### Work request
Beginning at the first line of the data, print each line exactly, stopping after the line that contains "4K UHD Dash".

⟨

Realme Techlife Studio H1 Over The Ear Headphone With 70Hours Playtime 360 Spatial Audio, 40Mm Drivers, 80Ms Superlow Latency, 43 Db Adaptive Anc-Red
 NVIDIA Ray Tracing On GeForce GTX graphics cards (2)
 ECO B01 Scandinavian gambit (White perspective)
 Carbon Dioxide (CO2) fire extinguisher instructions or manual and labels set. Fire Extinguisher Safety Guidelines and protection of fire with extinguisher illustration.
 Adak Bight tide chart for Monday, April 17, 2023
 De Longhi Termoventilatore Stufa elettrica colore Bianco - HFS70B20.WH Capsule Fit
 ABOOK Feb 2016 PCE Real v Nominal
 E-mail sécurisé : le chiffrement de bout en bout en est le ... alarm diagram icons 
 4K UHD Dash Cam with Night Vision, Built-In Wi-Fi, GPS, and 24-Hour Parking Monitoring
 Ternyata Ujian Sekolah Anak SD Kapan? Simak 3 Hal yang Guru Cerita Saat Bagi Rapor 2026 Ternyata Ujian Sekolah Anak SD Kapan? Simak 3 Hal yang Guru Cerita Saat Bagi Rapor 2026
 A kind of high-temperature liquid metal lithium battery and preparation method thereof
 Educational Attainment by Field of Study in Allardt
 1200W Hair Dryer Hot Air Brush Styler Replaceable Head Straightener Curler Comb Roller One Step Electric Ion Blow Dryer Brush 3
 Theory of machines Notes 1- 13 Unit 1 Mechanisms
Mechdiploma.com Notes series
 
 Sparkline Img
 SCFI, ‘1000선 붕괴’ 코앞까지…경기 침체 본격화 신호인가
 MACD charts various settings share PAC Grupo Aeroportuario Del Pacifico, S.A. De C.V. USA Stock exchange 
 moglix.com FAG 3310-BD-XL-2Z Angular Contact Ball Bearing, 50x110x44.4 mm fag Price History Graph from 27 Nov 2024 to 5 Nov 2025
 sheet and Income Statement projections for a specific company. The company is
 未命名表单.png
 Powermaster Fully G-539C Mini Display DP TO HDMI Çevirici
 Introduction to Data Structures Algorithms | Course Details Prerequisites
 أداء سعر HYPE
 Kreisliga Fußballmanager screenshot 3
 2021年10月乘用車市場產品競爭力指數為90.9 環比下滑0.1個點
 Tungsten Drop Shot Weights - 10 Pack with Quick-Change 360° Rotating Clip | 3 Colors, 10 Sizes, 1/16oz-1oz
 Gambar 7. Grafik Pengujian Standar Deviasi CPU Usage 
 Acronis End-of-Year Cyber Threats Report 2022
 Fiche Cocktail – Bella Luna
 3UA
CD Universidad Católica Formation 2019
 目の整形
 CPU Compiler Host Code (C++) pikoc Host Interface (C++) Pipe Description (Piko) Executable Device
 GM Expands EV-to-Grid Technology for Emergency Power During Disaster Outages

⟩

### Answer space
Realme Techlife Studio H1 Over The Ear Headphone With 70Hours Playtime 360 Spatial Audio, 40Mm Drivers, 80Ms Superlow Latency, 43 Db Adaptive Anc-Red
 NVIDIA Ray Tracing On GeForce GTX graphics cards (2)
 ECO B01 Scandinavian gambit (White perspective)
 Carbon Dioxide (CO2) fire extinguisher instructions or manual and labels set. Fire Extinguisher Safety Guidelines and protection of fire with extinguisher illustration.
 Adak Bight tide chart for Monday, April 17, 2023
 De Longhi Termoventilatore Stufa elettrica colore Bianco - HFS70B20.WH Capsule Fit
 ABOOK Feb 2016 PCE Real v Nominal
 E-mail sécurisé : le chiffrement de bout en bout en est le ... alarm diagram icons 
 4K UHD Dash Cam with Night Vision, Built-In Wi-Fi, GPS, and 24-Hour Parking Monitoring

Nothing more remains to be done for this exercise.